The state Department of Education’s new website sparked criticism Tuesday from a wide range of groups that rarely agree on public school issues.
The revamped version, which was touted as a way to aid parents and teachers, came under fire mostly for what critics called a lack of easily obtainable and current data on teachers, enrollment, demographics and other issues.
“A lot of people are complaining that it is difficult to find the data,” said Brigitte Nieland, who tracks public school issues for the Louisiana Association of Business and Industry, which often backs public education overhaul initiatives.
Other critics included officials of the Council for a Better Louisiana, the East Baton Rouge Parish school system and the Cowen Institute for Public Education Initiatives at Tulane University.
Lottie Beebe, a member of the state Board of Elementary and Secondary Education, said she conveyed her concerns to state Superintendent of Education John White, who she has clashed with frequently.
“For the record, I did personally tell superintendent White that I was extremely disappointed in the juvenile appearance of the LDOE website,” Beebe said in an email response to questions.
White, who has been on the job for just over one year, said the overhaul was a response to complaints from parents and teachers about problems with the previous version, and that the changes have been well-received by both groups.
“We cleaned up a mess,” White said.
“Anytime you clean up a mess you throw things away,” White said. “If there are things that people don’t see that are valuable they should just tell us and we will put it back up there.”
White added, “We don’t run the website for special interest groups. We run it for parents and teachers.”
The issue is pertinent because, unlike some websites in state government, the department’s has a huge audience.
About 712,000 public school students attend the state’s roughly 1,300 schools.
Another 55,000 or so teach the classes.
The new website, which was announced on Jan. 22, gets 5,767 hits per day, said Barry Landry, a spokesman for the department. Landry said the redesign was done in-house and required no additional costs.

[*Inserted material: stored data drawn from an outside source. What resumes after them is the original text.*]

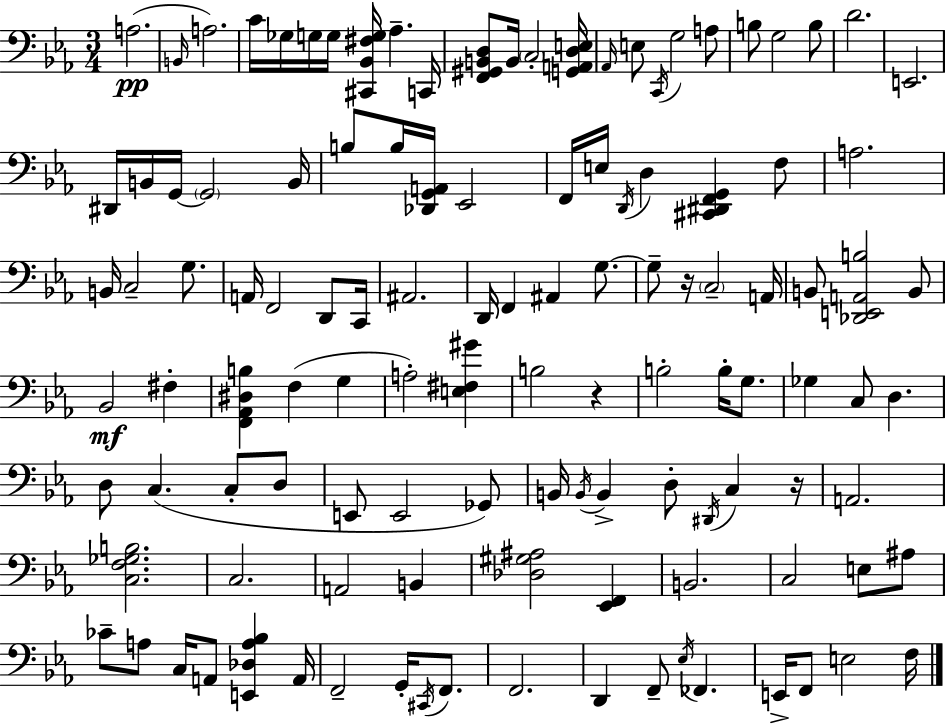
X:1
T:Untitled
M:3/4
L:1/4
K:Cm
A,2 B,,/4 A,2 C/4 _G,/4 G,/4 G,/4 [^C,,_B,,^F,G,]/4 _A, C,,/4 [F,,^G,,B,,D,]/2 B,,/4 C,2 [G,,A,,D,E,]/4 _A,,/4 E,/2 C,,/4 G,2 A,/2 B,/2 G,2 B,/2 D2 E,,2 ^D,,/4 B,,/4 G,,/4 G,,2 B,,/4 B,/2 B,/4 [_D,,G,,A,,]/4 _E,,2 F,,/4 E,/4 D,,/4 D, [^C,,^D,,F,,G,,] F,/2 A,2 B,,/4 C,2 G,/2 A,,/4 F,,2 D,,/2 C,,/4 ^A,,2 D,,/4 F,, ^A,, G,/2 G,/2 z/4 C,2 A,,/4 B,,/2 [_D,,E,,A,,B,]2 B,,/2 _B,,2 ^F, [F,,_A,,^D,B,] F, G, A,2 [E,^F,^G] B,2 z B,2 B,/4 G,/2 _G, C,/2 D, D,/2 C, C,/2 D,/2 E,,/2 E,,2 _G,,/2 B,,/4 B,,/4 B,, D,/2 ^D,,/4 C, z/4 A,,2 [C,F,_G,B,]2 C,2 A,,2 B,, [_D,^G,^A,]2 [_E,,F,,] B,,2 C,2 E,/2 ^A,/2 _C/2 A,/2 C,/4 A,,/2 [E,,_D,A,_B,] A,,/4 F,,2 G,,/4 ^C,,/4 F,,/2 F,,2 D,, F,,/2 _E,/4 _F,, E,,/4 F,,/2 E,2 F,/4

The new website features categories on academics, teaching, assessment, accountability, funding, early childhood education, schools and courses.
“I do wish they would make it a little more user friendly,” said Stephanie Desselle, who follows public school issues for the Council for a Better Louisiana, which often backs public school overhaul initiatives pushed by White.
“It seems like they need to put more information on it,” Desselle said. “One of the things is finding up-to-date information.”
Mary Lee Murphy, director of development and communications for the Cowen Institute, said some school data is no longer available on the new website, including reports on enrollment, demographics, teacher experience/education levels, pay, charter school budgets, district revenues, expenditures and college enrollment.
The Cowen Institute calls itself a think tank that offers solutions to public school problems in New Orleans and elsewhere.
Lizabeth Frischhertz, chief officer for accountability, assessment and evaluation for the East Baton Rouge Parish school system, said the overhaul has caused problems for her district’s website, which includes links to the state department on test policies and other issues.
“To find current data is really a struggle,” Frischhertz said.
However, she said department officials have been responsive to requests to restore old information, including interactive practice tests.
Landry, the education department spokesman, released a prepared statement by Covington High School teacher Richard Lynch, who praised the new website.
“It is organized into categories that make sense, and most information I need I can access within a few clicks,” Lynch said in his statement.
Steve Monaghan, president of the Louisiana Federation of Teachers and a frequent White critic, said the new website appears to reflect a more ideologically driven state department of education, including the idea that school choice is preferable to traditional public education.
Even the use of the term “Louisiana Believes” on the website — White’s monicker for a wide range of public school improvement goals — represents a bothersome, unilateral change, Monaghan said.